My other big issue is with the author herself. The entire book she’s spewing all this feel good information, preaching that we have to trust ourselves to create wonderful things, that we must be more confident in our ability to create. Then multiple times in the book she’s says the success of Eat, Pray, Love was an accident. She is talking down about herself and her work, while telling the reader not to do that. It was so hypocritical it was annoying. Why should I listen to you when you aren’t taking your own advice?
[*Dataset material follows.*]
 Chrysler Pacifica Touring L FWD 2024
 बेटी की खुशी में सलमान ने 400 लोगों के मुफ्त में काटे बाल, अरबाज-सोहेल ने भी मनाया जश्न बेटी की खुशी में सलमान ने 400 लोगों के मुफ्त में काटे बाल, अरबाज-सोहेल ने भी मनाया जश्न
My last problem is that near the beginning of the book she attempts to talk about the collective unconscious, but she doesn’t use that phrase. She’s talking about how an idea can come from anywhere, but she’s doing it in a lighthearted way. She says that ideas have a mind of their own and they will come to the person they believe is ready to take them (the idea) and make them a reality. I literally pictured the flying brains from Harry Potter and was laughing my butt off. I was laughing the whole chapter, and not laughing with her, but at her. She sounded like she was super high and having a laugh.

I think she was trying to say that the inspiration for an idea can come from anywhere at anytime. But that you have to be open to receiving that inspiration. I can go into a whole conversation about decalcifying the pineal gland and becoming more open to understanding the universe, but I won’t.

Essentially, in my understanding, the collective unconscious, a term coined by Carl Jung, is the shared memory and knowledge of all mankind. We all have access to it, but most of us aren’t paying attention. Gilbert is saying that within the collective unconscious there are ideas, suggestions, for paths you can take in your life, that others before you have already taken. It also agrees with her idea she mentions later in the book about her and another author having the same book idea and yet never speaking before. The book idea was already there in the collective, they both had access to it.

I think Gilbert should have taken it seriously and talked about Carl Jung and his psychological studies into the collective. I would have found that much more interesting and it would have helped me better understand the point she was making.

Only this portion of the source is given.